ERBIL — Kurdish prominent leader and former President of the Kurdistan Region, Masoud Barzani, has marked the fourth anniversary of the independence referendum by expressing gratitude to the people of the autonomous region for "invariably" refusing to bow down.
On 25 September 2017, a total of 3,305,925 people (72.16% turnout) in the Kurdistan Region rushed to the polling stations and casted their votes, with 92.73% of them voting in favor of independence.
On the fourth anniversary of the referendum, Barzani wrote on Twitter: "The positive response of 93% of the participants of the Kurdistan Independence Referendum was a historic achievement. On the 4th anniversary of that spectacular victory, I commend the heroic people of Kurdistan for invariably refusing to bow down."
After the tensions began to escalate between Erbil and Baghdad back in 2014, when Nouri al-Maliki, the then prime minister of Iraq, cut the Kurdistan Region's share of the federal budget while the pressure continued even throughout the costly war against the Islamic State (IS) between 2014 and 2017, during which the autonomous region's Peshmerga fighters played a decisive role alongside the US-led Coalition forces.
The tensions between Erbil and Baghdad brought the majority of the political parties in the Kurdistan Region to one table on 7 June 2017 to establish the Referendum High Council, that later announced 25 September as the day for the vote.
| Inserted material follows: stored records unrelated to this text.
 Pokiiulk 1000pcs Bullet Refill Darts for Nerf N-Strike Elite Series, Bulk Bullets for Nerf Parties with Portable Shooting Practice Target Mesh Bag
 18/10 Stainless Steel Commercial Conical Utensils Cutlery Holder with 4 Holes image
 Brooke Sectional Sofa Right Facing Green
The effort was spearheaded by the then Kurdistan President Masoud Barzani, with all sides agreeing with the fact that the time had come for the people of Kurdistan to make a decision on their fate: to either stay with Iraq or go for statehood.
"If we cannot be good political partners, then let’s be good neighbors," Barzani repeatedly said, indicating the goodwill behind the referendum, implying that Erbil did not seek war, but an amicable divorce.